Problem description: Could you print only the lines from the one containing "A pool with" through the end of the listing below, unchanged?

:::

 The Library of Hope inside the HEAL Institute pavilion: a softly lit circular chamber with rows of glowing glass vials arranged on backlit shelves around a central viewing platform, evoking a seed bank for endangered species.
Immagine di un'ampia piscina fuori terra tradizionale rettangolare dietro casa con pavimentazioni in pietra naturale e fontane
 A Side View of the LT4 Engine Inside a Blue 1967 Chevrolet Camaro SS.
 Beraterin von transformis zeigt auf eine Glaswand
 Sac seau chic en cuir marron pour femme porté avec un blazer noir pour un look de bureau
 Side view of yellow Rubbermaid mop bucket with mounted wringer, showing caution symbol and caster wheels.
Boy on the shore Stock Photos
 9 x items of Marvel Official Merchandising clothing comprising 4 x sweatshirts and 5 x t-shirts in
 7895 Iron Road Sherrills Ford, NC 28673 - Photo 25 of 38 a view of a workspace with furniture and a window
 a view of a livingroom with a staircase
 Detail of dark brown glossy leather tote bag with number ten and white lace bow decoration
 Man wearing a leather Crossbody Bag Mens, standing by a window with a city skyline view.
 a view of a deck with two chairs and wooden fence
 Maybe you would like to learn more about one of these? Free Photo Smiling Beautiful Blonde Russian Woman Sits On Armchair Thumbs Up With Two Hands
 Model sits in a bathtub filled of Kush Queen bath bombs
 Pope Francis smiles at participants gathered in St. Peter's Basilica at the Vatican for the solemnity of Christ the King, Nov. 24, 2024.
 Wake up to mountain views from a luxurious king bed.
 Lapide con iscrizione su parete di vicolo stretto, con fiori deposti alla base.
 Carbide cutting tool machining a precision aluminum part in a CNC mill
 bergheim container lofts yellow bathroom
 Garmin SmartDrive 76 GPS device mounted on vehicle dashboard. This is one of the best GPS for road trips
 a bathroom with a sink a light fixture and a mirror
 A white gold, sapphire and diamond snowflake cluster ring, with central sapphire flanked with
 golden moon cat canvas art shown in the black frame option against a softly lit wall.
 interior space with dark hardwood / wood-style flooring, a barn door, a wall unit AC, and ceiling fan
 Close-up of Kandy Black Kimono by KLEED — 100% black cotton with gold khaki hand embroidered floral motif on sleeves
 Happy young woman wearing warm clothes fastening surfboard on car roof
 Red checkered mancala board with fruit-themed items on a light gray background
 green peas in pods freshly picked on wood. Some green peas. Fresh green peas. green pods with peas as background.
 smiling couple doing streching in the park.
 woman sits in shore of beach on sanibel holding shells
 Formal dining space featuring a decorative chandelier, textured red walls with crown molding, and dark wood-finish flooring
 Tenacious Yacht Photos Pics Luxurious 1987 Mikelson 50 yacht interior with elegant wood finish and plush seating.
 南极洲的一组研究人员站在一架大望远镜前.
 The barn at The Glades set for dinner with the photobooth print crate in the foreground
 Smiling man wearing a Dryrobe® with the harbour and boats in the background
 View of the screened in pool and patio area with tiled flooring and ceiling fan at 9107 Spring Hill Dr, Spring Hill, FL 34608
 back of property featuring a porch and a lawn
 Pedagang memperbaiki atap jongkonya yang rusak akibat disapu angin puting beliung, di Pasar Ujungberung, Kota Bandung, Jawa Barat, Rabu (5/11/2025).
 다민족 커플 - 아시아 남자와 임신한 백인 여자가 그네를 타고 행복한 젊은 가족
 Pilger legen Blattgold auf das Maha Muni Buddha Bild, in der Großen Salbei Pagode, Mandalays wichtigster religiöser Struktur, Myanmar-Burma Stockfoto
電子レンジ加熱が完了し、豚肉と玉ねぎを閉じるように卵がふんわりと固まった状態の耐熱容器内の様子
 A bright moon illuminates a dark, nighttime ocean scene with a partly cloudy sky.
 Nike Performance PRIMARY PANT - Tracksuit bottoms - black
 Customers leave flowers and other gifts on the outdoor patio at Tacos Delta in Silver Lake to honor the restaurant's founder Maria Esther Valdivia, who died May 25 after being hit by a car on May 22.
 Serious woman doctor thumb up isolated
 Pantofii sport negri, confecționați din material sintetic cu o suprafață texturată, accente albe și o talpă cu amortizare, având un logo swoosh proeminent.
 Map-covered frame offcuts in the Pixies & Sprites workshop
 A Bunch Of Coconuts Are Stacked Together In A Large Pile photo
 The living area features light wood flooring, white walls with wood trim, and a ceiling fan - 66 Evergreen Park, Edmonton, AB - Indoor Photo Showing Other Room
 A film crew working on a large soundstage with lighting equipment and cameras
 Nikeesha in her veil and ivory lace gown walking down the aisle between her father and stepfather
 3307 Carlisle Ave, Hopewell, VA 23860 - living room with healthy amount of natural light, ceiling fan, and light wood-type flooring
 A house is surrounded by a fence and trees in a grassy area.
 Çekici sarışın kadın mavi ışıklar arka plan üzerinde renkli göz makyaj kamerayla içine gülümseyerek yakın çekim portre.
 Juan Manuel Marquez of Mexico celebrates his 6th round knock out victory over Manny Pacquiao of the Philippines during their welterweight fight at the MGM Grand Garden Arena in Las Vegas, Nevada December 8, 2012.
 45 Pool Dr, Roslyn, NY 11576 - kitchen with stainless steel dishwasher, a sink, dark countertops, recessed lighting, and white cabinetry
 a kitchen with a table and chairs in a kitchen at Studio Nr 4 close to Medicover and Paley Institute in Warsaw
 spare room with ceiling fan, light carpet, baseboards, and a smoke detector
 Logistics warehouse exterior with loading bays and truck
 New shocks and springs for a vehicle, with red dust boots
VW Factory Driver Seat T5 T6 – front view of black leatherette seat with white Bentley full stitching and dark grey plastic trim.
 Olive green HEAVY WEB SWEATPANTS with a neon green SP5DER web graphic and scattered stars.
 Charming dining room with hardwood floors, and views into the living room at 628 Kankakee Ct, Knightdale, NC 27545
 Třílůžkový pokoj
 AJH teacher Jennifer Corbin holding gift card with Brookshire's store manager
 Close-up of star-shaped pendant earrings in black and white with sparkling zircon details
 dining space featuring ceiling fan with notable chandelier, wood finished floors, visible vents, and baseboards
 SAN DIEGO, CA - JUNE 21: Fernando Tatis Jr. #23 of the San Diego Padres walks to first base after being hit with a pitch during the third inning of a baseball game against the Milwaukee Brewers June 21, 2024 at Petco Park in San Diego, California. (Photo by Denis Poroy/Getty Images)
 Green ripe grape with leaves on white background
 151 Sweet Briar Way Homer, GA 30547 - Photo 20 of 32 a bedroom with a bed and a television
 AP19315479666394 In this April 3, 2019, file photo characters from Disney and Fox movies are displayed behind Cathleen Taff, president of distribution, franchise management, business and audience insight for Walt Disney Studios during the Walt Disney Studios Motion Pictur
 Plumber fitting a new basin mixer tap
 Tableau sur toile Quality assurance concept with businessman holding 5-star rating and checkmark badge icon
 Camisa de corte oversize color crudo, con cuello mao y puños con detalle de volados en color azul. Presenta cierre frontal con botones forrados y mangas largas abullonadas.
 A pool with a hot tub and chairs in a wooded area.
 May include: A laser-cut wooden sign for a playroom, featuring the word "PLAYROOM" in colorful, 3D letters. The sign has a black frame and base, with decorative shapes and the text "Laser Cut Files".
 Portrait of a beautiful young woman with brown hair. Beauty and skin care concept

:::

Result of this exercise:
 A pool with a hot tub and chairs in a wooded area.
 May include: A laser-cut wooden sign for a playroom, featuring the word "PLAYROOM" in colorful, 3D letters. The sign has a black frame and base, with decorative shapes and the text "Laser Cut Files".
 Portrait of a beautiful young woman with brown hair. Beauty and skin care concept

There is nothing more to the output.